### What to work on:
This exercise asks for a copy of each line in the records below with the word "Cartoon" in it.
=== Dataset records ===
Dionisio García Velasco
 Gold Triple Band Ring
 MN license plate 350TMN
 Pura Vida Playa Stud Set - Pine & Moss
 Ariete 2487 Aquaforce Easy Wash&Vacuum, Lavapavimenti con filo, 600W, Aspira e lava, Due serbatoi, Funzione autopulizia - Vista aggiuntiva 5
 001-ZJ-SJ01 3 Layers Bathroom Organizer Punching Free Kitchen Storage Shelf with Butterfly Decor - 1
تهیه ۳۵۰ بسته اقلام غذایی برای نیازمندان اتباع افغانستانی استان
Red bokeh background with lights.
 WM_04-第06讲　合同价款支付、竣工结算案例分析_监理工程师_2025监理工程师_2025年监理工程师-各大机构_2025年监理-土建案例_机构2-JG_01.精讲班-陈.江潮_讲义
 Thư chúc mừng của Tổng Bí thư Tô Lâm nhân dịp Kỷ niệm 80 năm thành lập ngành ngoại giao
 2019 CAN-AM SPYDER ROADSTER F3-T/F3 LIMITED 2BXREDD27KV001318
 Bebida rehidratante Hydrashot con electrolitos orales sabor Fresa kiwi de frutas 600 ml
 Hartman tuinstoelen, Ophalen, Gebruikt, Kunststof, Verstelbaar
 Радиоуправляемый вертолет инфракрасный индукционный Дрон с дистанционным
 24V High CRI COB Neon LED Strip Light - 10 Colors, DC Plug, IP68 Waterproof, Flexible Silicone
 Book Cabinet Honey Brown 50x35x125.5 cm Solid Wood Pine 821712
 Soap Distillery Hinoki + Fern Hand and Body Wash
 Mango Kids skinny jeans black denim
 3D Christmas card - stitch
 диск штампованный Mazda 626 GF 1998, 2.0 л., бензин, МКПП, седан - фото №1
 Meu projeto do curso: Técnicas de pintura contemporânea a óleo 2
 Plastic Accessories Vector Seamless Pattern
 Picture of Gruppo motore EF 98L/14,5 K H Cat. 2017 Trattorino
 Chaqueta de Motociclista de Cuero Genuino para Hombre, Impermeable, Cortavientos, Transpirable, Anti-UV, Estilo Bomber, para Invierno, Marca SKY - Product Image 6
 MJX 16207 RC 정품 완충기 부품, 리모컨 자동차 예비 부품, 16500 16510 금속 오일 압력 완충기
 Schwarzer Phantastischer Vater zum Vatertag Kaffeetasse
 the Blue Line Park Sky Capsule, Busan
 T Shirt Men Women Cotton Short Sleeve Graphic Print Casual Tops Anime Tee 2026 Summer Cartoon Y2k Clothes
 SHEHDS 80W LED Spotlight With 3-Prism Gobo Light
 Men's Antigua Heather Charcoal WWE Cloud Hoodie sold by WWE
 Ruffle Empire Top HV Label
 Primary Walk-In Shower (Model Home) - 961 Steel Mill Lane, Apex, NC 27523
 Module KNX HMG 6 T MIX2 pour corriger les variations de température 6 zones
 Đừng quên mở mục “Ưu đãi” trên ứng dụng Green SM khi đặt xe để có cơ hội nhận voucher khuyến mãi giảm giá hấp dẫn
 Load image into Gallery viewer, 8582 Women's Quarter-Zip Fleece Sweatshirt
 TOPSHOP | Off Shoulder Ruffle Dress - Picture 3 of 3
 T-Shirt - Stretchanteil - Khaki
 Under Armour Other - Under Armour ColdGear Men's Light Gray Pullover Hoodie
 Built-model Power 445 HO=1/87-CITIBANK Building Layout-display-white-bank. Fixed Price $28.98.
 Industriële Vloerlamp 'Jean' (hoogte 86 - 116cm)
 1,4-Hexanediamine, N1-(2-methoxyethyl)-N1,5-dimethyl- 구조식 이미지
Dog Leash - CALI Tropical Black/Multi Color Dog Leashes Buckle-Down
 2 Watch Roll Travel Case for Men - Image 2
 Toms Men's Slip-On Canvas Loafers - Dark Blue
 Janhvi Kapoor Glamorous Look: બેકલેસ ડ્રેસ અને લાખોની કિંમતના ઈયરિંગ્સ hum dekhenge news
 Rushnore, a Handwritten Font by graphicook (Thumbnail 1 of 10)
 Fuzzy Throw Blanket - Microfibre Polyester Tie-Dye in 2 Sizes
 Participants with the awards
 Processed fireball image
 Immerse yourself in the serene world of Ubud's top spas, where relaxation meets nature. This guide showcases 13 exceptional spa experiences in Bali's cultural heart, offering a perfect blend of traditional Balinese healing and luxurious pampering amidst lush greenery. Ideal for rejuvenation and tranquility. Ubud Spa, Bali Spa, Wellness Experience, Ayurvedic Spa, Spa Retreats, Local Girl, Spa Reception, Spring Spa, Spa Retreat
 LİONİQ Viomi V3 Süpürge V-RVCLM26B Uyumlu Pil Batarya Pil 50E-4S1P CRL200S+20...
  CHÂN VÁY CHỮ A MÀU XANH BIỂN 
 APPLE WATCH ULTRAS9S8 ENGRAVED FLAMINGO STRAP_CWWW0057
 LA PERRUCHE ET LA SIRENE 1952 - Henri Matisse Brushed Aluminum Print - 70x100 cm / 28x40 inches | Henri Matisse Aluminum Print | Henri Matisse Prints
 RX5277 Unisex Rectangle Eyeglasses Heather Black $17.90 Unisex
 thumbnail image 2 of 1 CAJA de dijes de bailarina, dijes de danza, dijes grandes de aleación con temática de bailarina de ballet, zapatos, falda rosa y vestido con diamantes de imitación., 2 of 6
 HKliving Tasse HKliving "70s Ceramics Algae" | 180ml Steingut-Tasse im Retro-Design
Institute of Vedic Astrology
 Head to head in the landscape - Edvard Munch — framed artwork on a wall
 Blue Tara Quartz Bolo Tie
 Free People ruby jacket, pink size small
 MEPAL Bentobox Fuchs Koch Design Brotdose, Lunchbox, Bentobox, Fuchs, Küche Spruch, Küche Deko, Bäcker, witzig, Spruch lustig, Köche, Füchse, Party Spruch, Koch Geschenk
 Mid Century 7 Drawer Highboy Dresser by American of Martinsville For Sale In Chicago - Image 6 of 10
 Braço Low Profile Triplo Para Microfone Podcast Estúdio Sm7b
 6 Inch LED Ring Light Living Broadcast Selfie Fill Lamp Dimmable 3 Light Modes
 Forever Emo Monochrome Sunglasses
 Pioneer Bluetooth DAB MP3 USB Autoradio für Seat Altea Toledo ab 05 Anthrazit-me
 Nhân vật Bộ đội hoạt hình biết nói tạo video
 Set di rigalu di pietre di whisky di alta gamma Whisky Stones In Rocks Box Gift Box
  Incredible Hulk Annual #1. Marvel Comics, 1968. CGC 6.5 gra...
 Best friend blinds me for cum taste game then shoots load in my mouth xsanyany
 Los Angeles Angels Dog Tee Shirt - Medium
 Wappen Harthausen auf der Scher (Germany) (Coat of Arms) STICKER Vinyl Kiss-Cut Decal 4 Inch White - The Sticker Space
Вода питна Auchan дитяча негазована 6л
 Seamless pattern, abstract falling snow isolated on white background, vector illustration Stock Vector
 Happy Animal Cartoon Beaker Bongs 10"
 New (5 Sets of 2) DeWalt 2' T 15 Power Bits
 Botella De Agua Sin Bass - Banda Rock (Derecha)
===
### Expected answer:
 T Shirt Men Women Cotton Short Sleeve Graphic Print Casual Tops Anime Tee 2026 Summer Cartoon Y2k Clothes
 Happy Animal Cartoon Beaker Bongs 10"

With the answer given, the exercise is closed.